EXERCISE.
Restate word for word the entries below, starting at the line with "Pantalon Léopard Gris" and ending at the line with "Womens Adidas Los". Keep both end lines and omit the pictures.

EXTRACTED MATERIAL.

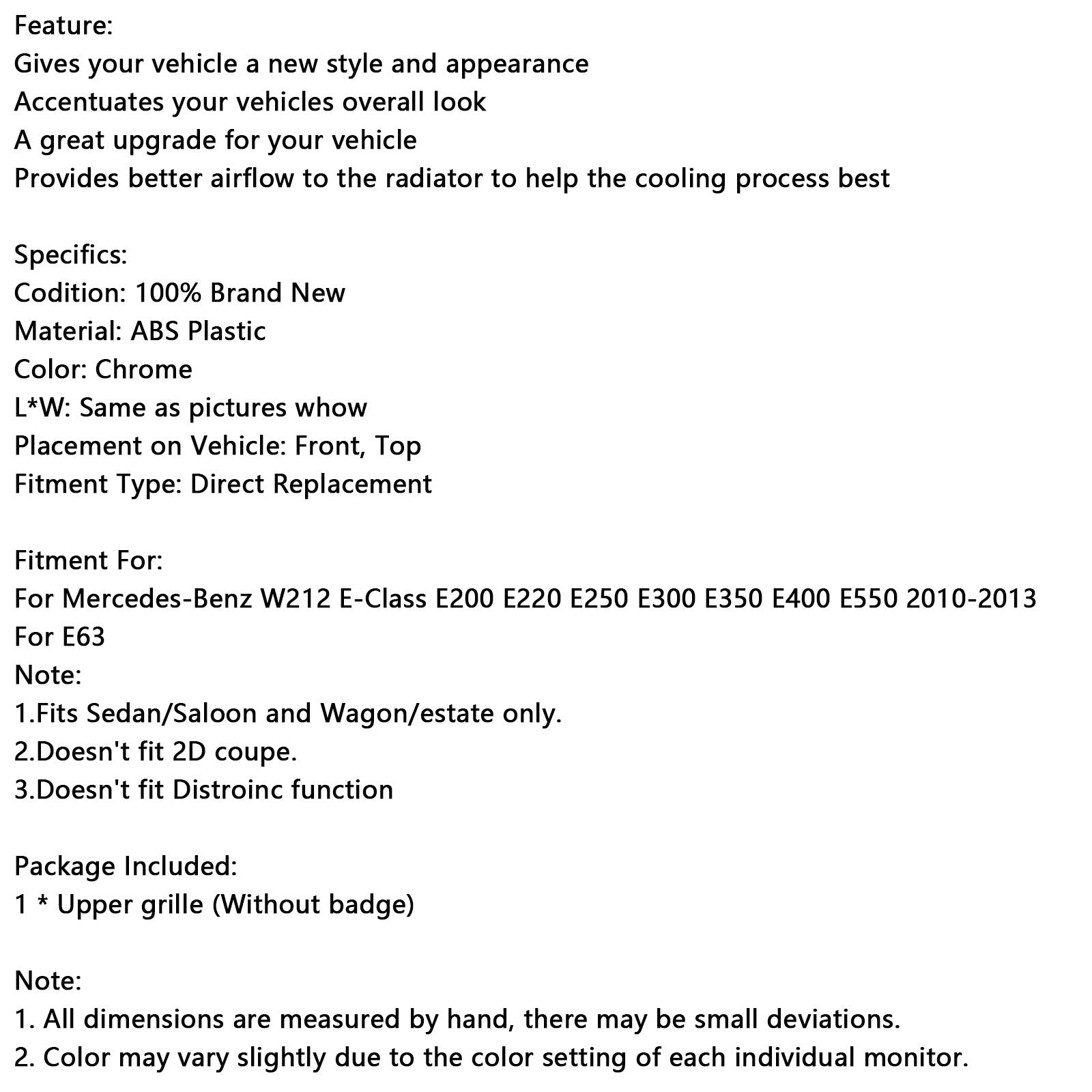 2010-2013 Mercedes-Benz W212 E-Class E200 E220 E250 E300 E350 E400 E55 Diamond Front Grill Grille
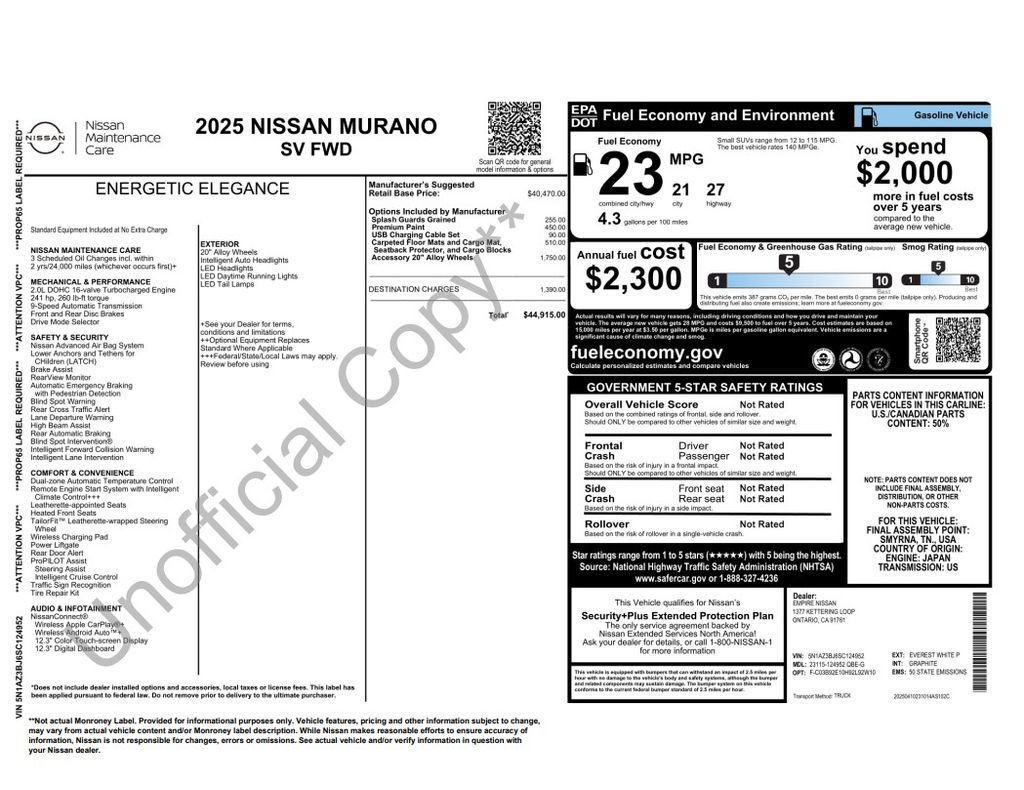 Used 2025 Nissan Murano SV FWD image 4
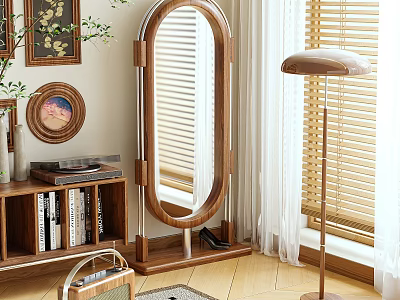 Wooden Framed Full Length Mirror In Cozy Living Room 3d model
---
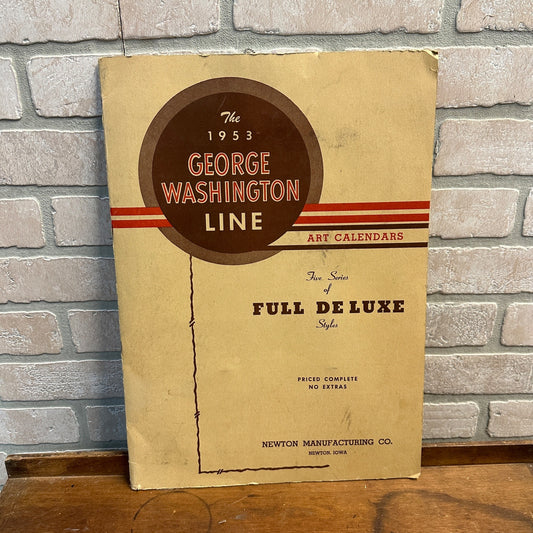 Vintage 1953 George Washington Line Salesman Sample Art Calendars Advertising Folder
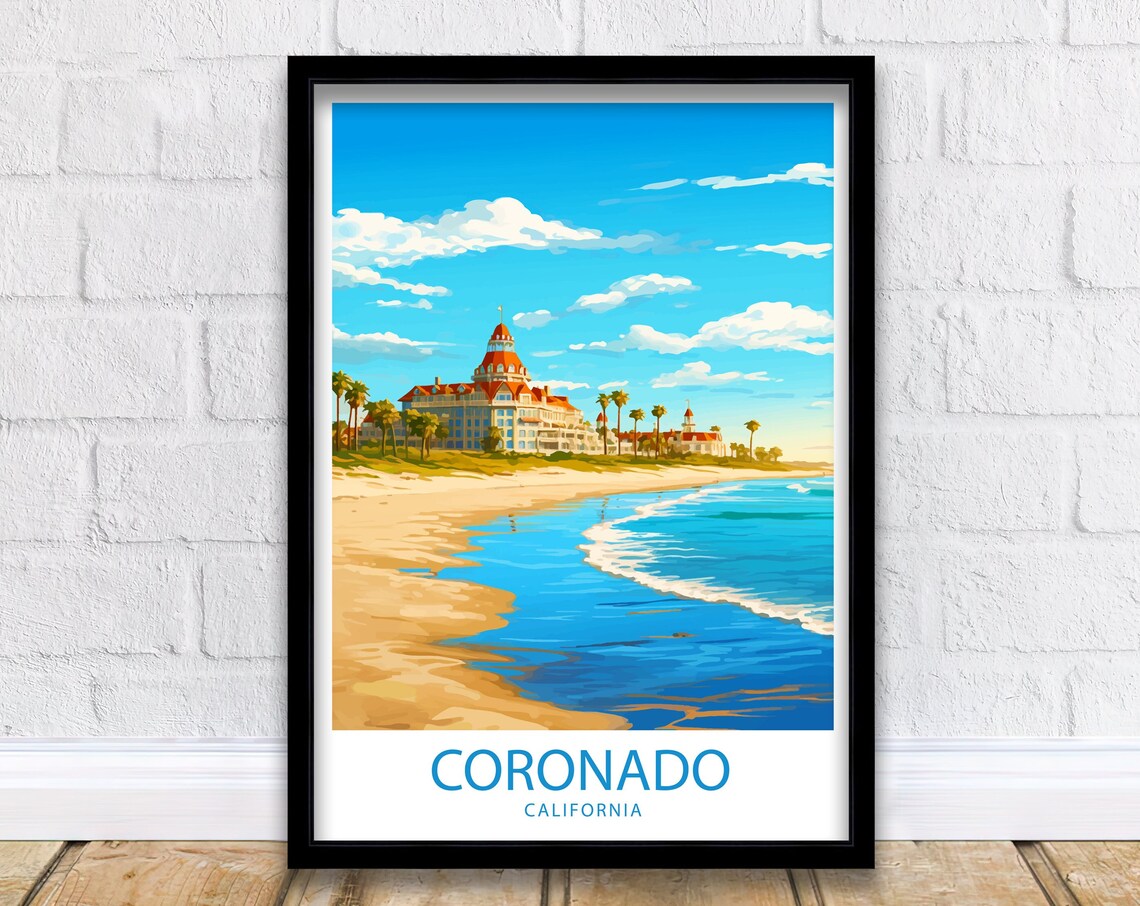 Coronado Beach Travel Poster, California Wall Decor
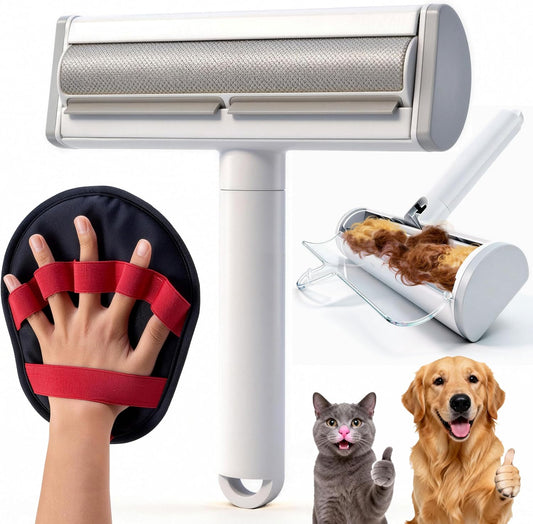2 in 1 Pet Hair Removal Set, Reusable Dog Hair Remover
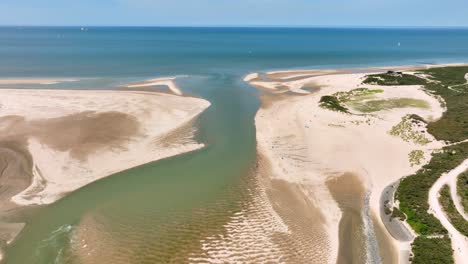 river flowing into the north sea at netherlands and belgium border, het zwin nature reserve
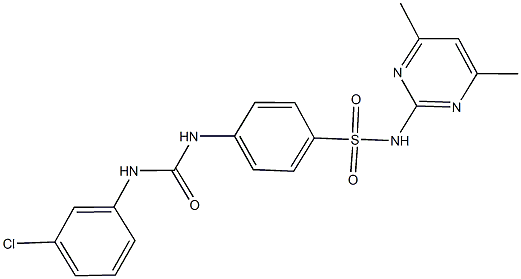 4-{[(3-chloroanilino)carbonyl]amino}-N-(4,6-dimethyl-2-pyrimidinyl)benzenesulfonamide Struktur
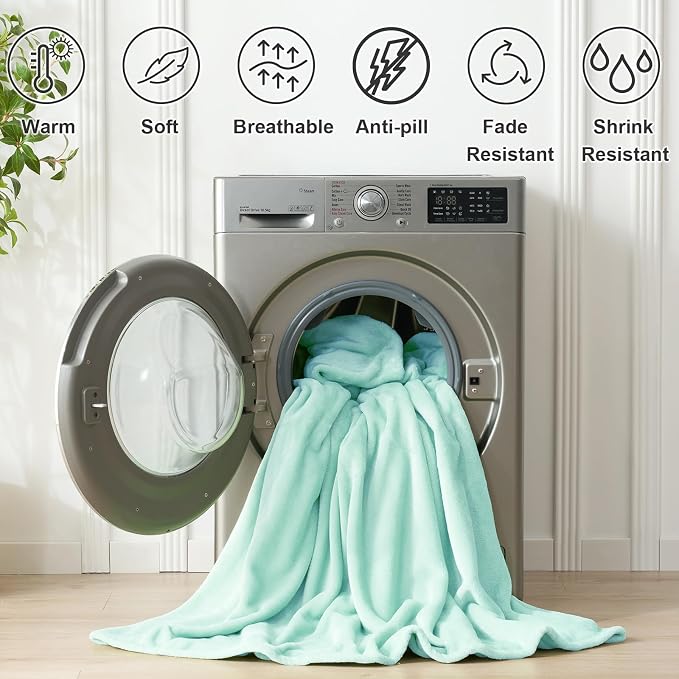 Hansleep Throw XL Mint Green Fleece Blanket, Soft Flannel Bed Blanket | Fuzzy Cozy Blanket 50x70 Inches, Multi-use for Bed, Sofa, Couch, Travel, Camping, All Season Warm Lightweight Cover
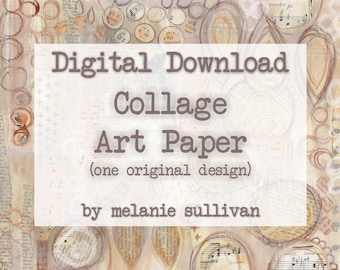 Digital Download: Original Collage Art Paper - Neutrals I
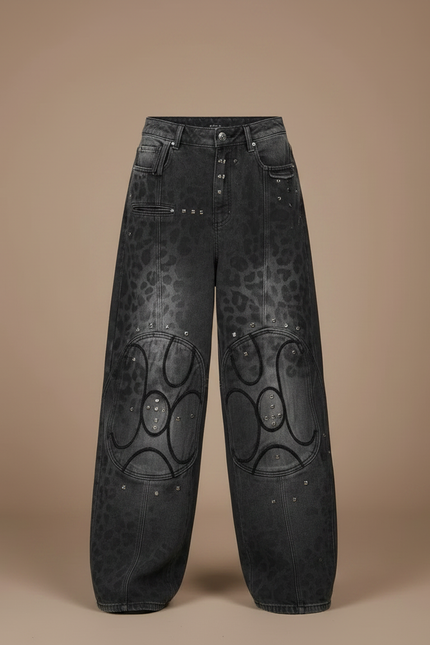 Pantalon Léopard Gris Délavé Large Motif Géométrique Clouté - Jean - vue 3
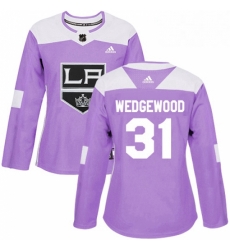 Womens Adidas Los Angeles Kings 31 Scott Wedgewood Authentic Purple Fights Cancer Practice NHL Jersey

THE COMPLETED TASK.
 Pantalon Léopard Gris Délavé Large Motif Géométrique Clouté - Jean - vue 3
 Womens Adidas Los Angeles Kings 31 Scott Wedgewood Authentic Purple Fights Cancer Practice NHL Jersey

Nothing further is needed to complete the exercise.